Green Cross’ Elaprase Challenger Moves Ahead In US

SEOUL - Green Cross Corp., a leading South Korean biopharma firm, has received approval from the US FDA to begin a Phase II clinical trial with Hunterase (idursulfase beta), paving the way for only the world’s second Hunter syndrome drug to enter the biggest global market.

The South Korean company's enzyme replacement therapy for the rare lysosomal storage disorder received domestic regulatory approval as an orphan drug in 2012 on the basis of a Phase II study.

That approval was supported by a trial comparing Hunterase with Shire PLC's commercialized drug Elaprase (idursulfase) that was conducted in collaboration with the Samsung Medical Center in Seoul, in which Hunterase reduced the excretion of urinary glycosaminoglycans by 30-40%.

At present, Hunterase holds more than 50% of the South Korean market for its indication, while the remained is held by Elaprase. Last year, sales of Hunterase exceeded KRW20bn ($17.4m), including exports to South America and North Africa.

Like Elaprase, Hunterase is a recombinant version of the iduronate-2-sulfatase enzyme that is lacking in patients with Hunter disease, also known as mucopolysaccharidosis type II.

The inherited genetic disorder, which predominantly affects males, has an estimated incidence of one in 100,000-150,000, and affects the body's ability to break down mucopolysaccharides known as glycosaminoglycans (specifically dermatan sulfate and heparan sulfate). The build-up of these leads to a range of life-threatening problems including stunted development, skeletal and facial deformities, infections, impaired CNS and mental ability and declining cardiac function.

Patient populations of the rare disease stand at about 70 in South Korea, 500 in the US and 2,000 worldwide. The global market for Hunter syndrome therapies, currently estimated at KRW600bn, is expected to grow to KRW1tn in the coming years.

Cost, Dose Advantages?

With a total cost of several hundred thousand dollars per year, Elaprase - which was launched in the US in 2006 and Europe in 2007 - is one of the most expensive drugs ever commercialized.

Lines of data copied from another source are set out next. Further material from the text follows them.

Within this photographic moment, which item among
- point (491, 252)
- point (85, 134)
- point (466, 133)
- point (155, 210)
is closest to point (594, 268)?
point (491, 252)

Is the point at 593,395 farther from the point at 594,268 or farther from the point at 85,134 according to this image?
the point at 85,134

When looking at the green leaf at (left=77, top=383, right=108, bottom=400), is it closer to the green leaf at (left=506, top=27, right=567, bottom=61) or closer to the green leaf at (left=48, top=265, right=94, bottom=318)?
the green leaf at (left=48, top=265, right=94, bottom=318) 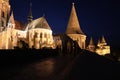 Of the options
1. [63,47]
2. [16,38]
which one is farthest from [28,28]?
[63,47]

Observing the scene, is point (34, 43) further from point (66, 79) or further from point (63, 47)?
point (66, 79)

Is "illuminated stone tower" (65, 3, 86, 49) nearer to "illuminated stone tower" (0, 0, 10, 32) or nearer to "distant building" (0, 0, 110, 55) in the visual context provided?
"distant building" (0, 0, 110, 55)

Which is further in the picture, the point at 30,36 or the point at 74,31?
the point at 74,31

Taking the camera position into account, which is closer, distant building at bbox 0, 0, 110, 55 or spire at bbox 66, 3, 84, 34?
distant building at bbox 0, 0, 110, 55

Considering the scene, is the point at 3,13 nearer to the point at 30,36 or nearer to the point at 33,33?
the point at 30,36

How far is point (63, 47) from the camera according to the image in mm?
23469

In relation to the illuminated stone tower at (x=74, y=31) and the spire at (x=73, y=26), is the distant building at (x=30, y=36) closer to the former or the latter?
the illuminated stone tower at (x=74, y=31)

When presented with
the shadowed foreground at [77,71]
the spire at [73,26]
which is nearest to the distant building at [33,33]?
the spire at [73,26]

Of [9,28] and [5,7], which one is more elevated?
[5,7]

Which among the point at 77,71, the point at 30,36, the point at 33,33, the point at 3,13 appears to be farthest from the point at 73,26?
the point at 77,71

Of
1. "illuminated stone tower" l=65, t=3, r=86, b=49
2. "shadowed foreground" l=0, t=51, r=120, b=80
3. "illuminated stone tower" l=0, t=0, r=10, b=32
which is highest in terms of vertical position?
"illuminated stone tower" l=0, t=0, r=10, b=32

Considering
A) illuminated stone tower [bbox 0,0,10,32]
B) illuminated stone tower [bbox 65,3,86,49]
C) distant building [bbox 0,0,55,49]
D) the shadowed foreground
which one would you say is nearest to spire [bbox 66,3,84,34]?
illuminated stone tower [bbox 65,3,86,49]

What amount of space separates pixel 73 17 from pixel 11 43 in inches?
716

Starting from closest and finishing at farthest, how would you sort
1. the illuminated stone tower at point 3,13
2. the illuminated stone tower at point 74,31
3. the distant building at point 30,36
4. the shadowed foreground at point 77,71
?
the shadowed foreground at point 77,71 < the distant building at point 30,36 < the illuminated stone tower at point 74,31 < the illuminated stone tower at point 3,13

In South Korea, the reimbursement price of Hunterase is KRW2.28m per 3ml vial, below that of Elaprase’s roughly KRW2.65m.

During the planned US Phase II study, Green Cross will explore the efficacy and safety of Hunterase when its dosage is doubled to 1mg/kg or tripled to 1.5mg/kg in comparison to the standard 0.5mg/kg. In South Korea, Hunterase was approved in the same dosage as Elaprase (0.5mg/kg).

If the study confirms that Hunterase can be administered at these higher dosages, this may confer improved efficacy over Elaprase and would establish Hunterase's superiority over the competing drug, Green Cross noted. "Conducting clinical trials in the US is significant for Hunterase's entry into global markets," said Eun Chul Huh, president of Green Cross.

After completion of the Phase II study in the US, the company may proceed with the regulatory approval process or move on to a global Phase III study, said an official at Green Cross. "We will initially aim to launch the drug in the US and then enter other major global markets including Europe," said the official.

Hunterase won US FDA orphan drug designation in February 2013 (Also see "Korea’s Green Cross Receives U.S. FDA Orphan Drug Status For Elaprase Biobetter" - Scrip, 22 Feb, 2013.), while Elaprase lost its orphan exclusivity in July that year.

New Formulations?

Green Cross is also conducting follow-up studies for Hunterase to diversify administration routes, and plans to soon begin trials in Japan designed to improve the brain disease of Hunter syndrome patients.

According to BioMed Tracker, several other companies including Sangamo BioSciences Inc. and Esteve SA are conducting preclinical and clinical trials for Hunter syndrome therapies.

As part of an internationalization strategy, Green Cross is also poised to enter major global markets with its plasma-derived products. In January this year, the US FDA accepted for review the company’s biologics application for IVIG-SN (human normal immunoglobulin G for intravenous administration) intended for the treatment of primary immunodeficiency diseases.